Ramadan; the Muslim boot camp started May 6. The participants are supposed to refresh and strengthen their faith in their Creator; the Almighty God. The Creator of the Universe, the Most Merciful and Most Gracious to all humanity. Not just to Muslims.
The objective of this boot camp isn’t just to be starved or thirsty. But it’s to teach ourselves about deprivation, determination, self-control and devotion. Humans are continuously indulged in the pleasure of eating, drinking, lust, cheating, faking, insulting, mocking, judging, etc.
All kind of humanitarian degrading and harmful mannerism. We all suffer from indulging in excessive unhealthy eating and drinking, with its known adverse effects, and not to mention the adverse effects of other aforementioned human behavioral delinquencies.
The boot camp is intended to discipline us and straighten up the crookedness the Muslim has inflected upon himself, whether he meant it or not.
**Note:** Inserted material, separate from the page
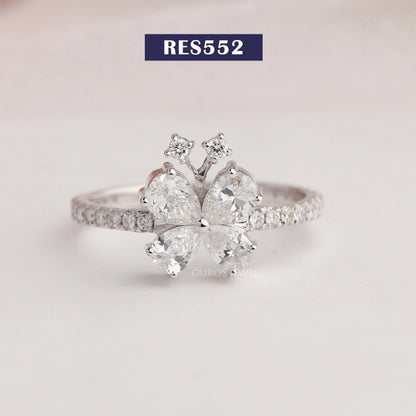 Pear & Round Cut Butterfly Ring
Infirmity in the camp, the Muslim day should start a little bit before sunrise. Where he eats some light nutritious food to sustain him during his daily fasting period until sunset. Then, the Muslim starts his fasting day by a dawn prayer (Arabic; Fager prayer) asking Almighty to make him successful through the day without any moral, spiritual or physical infirmity, that we’re prone for.
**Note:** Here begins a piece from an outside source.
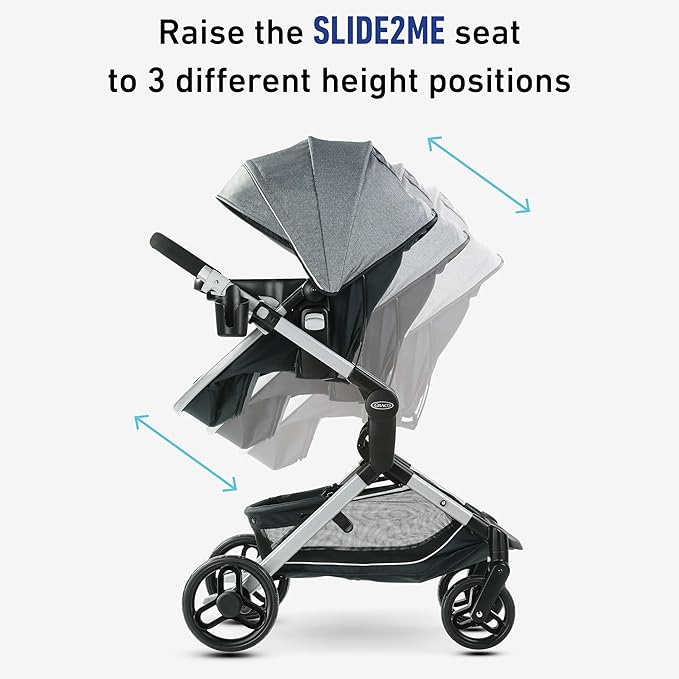 Graco Modes Nest Travel System, 3-in1 Modular Carseat Stroller Combo, Adjustable Slide2Me Infant Car Seat Carrier, Pramette, Toddler Stroller, Includes SnugRide 35 Lite Elite Infant Car Seat, Bayfield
During the day, the Muslim should be morally, spiritually and legally conscious about his breadwinning activities. Also, ensure caring for and be kind to his immediate family, relatives, neighbors, colleagues, community and countrymen.
After he successfully finishes his rightful hardworking day, he goes home to peacefully pray and be grateful to God for his achievements.
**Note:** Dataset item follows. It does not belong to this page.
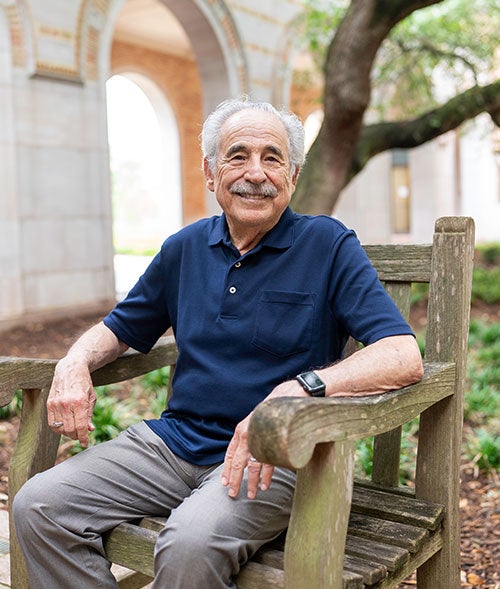 Walter sitting on a bench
At sunset, the Muslim breaks his fast by consuming a piece of fruit and healthy drink, followed by sunset prayer (Maghrib). After that, Muslims eat a complete meal. Sometimes these meals are execrated (feast) and are full of fancy food items, depending on the ability of the family caterer.
After sunset prayer and meal, the Muslim prepares himself for an extended prayer time. That starts by doing the regular evening prayer (Isha) and is followed by the Tarawih (refreshing) prayer. In this prayer, the Muslim reads one-thirtieth part of the Quran. Quran is divided into 30 parts. Thus, the Muslim would read the whole Quran over the 30 nights of Ramadan.
The reason this prayer is called Tarawih is because it’s done in a multiple units of standing, kneeling and prostration; as if it’s intended to be a form of physical exercise after that big meal and to supplement the moral and spiritual ones.
By the end of all these rituals, any individual would be surely exhausted.
That’s when a Muslim can get a few hours of sleep before getting up to repeat this spiritually invigorating and cleansing cycle for 30 days.
“God will not burden a sole more that it’s capacity.” This is a verse in the Quran that tells Muslims to be moderate and don’t hurt yourself over-performing these rituals in this month or at any time of your life.
Muslims always have a unique prayer when they do these rituals or any other good deeds, which means “May God accept our efforts to please Him.” I would like this one to be my closing prayer for this column.